- [Required work]
Return only the lines running from the top of the entries to the line with "Sambangi Desa Binaan", inclusive, exactly as written.

BEGIN Data for analysis

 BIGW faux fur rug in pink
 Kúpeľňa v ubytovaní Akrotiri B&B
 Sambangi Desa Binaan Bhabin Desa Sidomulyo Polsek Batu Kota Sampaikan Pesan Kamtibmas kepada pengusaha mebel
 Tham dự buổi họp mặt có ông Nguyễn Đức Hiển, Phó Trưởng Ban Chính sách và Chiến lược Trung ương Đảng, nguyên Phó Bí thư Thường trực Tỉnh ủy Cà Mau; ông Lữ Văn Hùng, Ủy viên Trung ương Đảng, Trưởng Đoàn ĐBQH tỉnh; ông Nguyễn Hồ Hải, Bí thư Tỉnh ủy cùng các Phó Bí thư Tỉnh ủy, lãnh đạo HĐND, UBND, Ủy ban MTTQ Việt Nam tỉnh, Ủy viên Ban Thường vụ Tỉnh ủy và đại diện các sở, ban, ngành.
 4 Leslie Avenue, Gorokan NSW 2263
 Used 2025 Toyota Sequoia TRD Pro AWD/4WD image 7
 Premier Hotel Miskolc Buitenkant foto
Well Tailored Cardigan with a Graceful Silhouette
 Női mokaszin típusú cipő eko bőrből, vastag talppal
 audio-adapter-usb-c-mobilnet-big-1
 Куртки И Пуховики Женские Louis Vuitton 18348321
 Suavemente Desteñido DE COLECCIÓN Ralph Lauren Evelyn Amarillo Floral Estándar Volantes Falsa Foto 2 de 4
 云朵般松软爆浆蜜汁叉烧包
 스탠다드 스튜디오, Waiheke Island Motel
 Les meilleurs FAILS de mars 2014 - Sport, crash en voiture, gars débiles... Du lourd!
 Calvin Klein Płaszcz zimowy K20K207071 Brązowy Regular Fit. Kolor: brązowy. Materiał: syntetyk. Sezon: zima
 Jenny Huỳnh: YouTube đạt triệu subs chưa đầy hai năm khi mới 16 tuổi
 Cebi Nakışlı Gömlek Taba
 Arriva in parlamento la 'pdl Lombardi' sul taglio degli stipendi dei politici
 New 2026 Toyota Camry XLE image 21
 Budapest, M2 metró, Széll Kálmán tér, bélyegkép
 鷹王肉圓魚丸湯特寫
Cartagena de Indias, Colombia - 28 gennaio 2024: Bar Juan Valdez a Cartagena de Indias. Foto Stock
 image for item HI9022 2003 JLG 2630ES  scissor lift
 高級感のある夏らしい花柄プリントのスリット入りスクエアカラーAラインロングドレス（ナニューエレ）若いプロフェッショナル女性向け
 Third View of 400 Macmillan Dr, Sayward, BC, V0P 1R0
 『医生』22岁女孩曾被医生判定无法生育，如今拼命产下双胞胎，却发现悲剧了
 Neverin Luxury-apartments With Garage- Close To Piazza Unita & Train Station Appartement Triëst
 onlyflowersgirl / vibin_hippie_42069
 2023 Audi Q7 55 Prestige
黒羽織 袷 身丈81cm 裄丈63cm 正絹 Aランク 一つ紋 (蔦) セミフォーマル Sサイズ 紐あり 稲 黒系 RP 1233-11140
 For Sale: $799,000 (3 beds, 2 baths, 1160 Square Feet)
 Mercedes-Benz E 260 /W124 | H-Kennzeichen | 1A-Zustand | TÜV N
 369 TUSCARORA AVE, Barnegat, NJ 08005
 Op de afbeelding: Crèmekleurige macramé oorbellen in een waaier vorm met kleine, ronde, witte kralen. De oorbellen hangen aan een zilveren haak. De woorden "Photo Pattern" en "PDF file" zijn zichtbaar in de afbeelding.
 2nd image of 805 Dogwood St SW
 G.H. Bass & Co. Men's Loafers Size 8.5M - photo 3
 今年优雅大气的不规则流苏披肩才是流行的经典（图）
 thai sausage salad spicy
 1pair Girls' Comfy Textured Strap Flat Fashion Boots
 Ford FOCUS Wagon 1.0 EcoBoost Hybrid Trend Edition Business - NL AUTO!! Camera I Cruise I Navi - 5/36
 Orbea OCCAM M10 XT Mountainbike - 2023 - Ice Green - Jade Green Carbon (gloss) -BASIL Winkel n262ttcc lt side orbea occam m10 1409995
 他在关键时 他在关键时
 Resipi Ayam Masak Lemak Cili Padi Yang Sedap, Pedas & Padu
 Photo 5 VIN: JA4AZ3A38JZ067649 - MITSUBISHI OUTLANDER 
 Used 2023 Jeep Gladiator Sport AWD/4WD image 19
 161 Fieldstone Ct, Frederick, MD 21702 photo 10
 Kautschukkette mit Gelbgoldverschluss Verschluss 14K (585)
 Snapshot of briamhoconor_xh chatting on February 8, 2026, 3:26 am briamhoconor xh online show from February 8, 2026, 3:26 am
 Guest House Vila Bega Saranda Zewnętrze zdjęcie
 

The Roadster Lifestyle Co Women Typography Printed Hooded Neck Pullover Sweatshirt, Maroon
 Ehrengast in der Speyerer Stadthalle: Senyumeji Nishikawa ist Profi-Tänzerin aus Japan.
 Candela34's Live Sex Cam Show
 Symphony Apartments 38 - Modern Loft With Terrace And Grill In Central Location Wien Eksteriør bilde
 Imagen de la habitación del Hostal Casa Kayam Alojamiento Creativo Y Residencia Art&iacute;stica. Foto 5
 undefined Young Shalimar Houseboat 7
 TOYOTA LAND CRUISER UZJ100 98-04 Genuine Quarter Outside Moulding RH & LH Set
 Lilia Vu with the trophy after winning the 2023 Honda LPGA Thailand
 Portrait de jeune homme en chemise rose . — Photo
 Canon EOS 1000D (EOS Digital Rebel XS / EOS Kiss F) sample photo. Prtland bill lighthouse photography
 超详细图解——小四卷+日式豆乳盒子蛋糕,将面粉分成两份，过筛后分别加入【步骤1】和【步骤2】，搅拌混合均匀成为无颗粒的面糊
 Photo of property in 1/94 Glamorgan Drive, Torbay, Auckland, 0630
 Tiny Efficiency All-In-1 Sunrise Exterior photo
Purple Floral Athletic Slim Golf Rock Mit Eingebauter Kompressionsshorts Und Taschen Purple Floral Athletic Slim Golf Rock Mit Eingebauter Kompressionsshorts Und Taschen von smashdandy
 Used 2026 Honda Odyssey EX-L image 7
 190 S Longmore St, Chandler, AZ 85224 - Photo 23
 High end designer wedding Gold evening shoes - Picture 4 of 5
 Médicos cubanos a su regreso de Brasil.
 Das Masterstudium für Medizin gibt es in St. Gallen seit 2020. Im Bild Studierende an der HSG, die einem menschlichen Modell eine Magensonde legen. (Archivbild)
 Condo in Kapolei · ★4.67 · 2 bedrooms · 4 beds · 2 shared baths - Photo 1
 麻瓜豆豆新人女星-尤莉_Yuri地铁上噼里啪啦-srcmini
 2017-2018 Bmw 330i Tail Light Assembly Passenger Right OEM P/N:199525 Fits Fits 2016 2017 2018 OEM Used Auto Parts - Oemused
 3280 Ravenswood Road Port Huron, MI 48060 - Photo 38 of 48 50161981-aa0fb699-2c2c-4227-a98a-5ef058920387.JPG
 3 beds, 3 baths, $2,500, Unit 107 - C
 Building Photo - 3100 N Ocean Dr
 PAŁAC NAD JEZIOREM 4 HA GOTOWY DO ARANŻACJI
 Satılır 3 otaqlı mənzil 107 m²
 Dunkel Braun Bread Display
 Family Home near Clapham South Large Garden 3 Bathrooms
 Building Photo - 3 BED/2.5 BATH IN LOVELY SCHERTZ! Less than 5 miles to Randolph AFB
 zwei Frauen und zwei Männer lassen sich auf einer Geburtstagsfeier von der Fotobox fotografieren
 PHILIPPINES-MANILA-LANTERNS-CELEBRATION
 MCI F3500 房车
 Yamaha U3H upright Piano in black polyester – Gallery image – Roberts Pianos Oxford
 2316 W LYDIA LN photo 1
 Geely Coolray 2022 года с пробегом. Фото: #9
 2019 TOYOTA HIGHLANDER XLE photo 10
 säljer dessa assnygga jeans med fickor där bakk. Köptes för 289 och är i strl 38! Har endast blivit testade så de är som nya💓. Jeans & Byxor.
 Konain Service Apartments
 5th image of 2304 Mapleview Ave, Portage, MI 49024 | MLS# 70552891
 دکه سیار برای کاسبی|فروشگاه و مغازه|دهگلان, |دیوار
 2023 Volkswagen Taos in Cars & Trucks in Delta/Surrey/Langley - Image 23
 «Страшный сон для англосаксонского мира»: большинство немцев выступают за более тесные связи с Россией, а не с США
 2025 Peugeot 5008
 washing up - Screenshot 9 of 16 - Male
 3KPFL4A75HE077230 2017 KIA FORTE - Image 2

END Data for analysis

- [Answer for the task]
 BIGW faux fur rug in pink
 Kúpeľňa v ubytovaní Akrotiri B&B
 Sambangi Desa Binaan Bhabin Desa Sidomulyo Polsek Batu Kota Sampaikan Pesan Kamtibmas kepada pengusaha mebel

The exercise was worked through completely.